We geloven in onszelf. We geloven in deze plek, het huis, de bossen en de moestuin met zijn stenige grond. We geloven in het goede en zeker in het goede dat in ons mag huizen. Ik geloof in mezelf, dat ik het juiste doe. Dat ik voldoende initiatief neem en doe wat goed is voor ons beiden. Ik geloof dat mijn gedrag naar 'buiten' ook voor m'n lief heel goed is. Hij gelooft in zichzelf, sterker dan ooit tevoren. Wat het hem ook weer heel moeilijk maakt, door de weerstand van de wereld, de mensen, waar hij niet (meer) in gelooft. (En ik, die dan wat argeloos die grote boze mensenwereld in stap, keer op keer....) We geloven dat we het gaan redden, M&M, hier en dan, niet nu.

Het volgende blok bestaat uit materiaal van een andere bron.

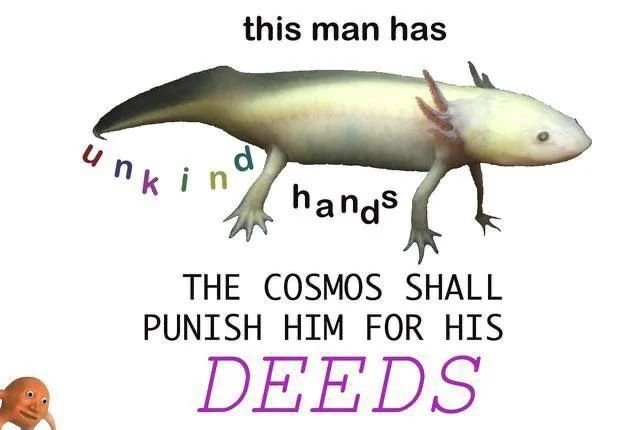 1000051264.jpg
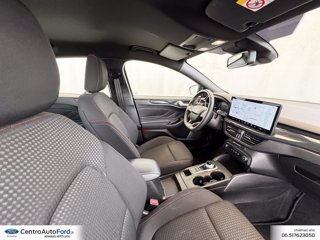FORD Focus 1.5 ecoblue st-line 115cv auto 5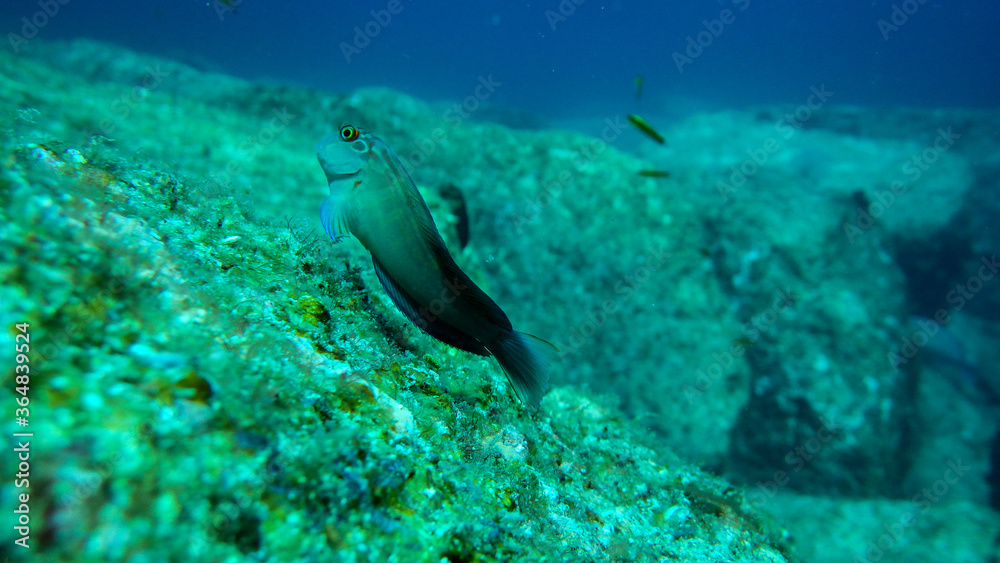 blenny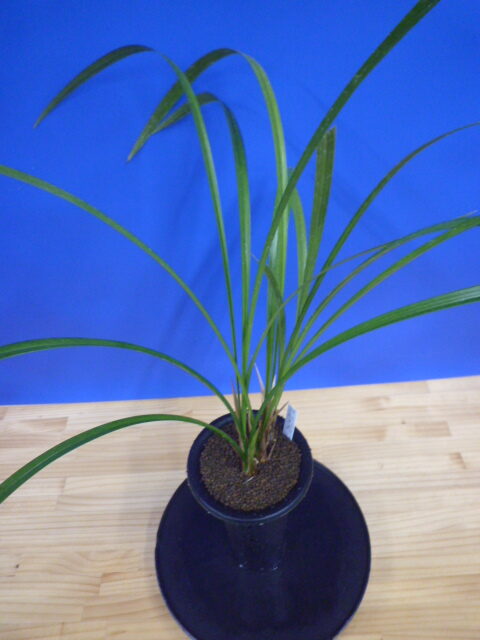 王光(おうこう)濃紅 和歌山県産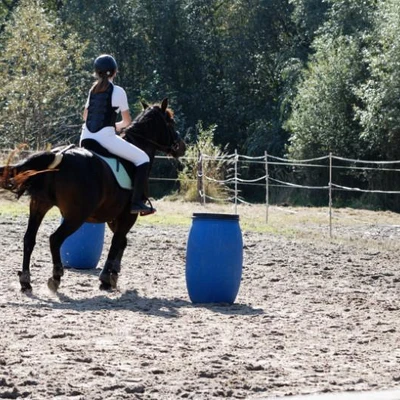 Hubertus 2019 - cz. IV - konkurs podskoków 20 cm (fot. Piotr Kawula)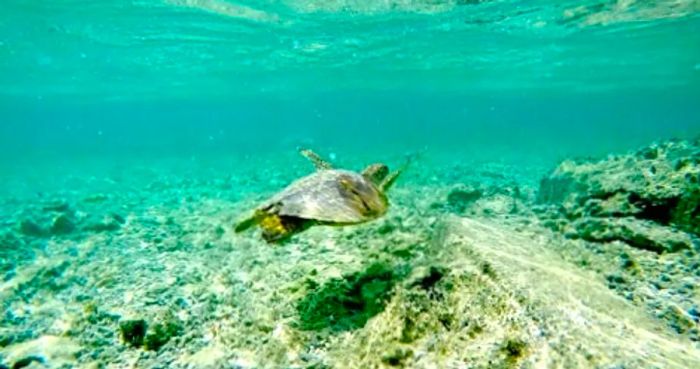 a sea turtle swimming in the ocean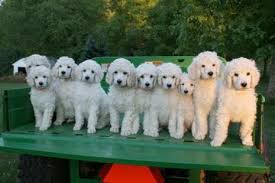 Black And White Standard Poodle Puppies For Sale A Plethora Of Poodles Poodle Puppy Standard Poodle Poodle
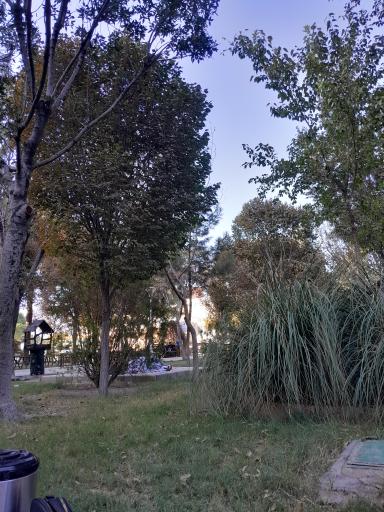 عکس بوستان امام رضا (ع)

Voor ons is het even erg moeilijk, moeilijk om maar gewoon te blijven doen wat je moet doen en wilt doen. Zoveel kleine niet-zo-heel essentiële dingen die niet kunnen of misgaan, die voor afleiding zorgen voor onze eenheid in geloof, hoop en liefde. Elkaar zo missen in hoe we elkaar dachten te kennen. Een extra spannende tijd waar het seizoen op mee lijkt te deinen, in plaats van andersom.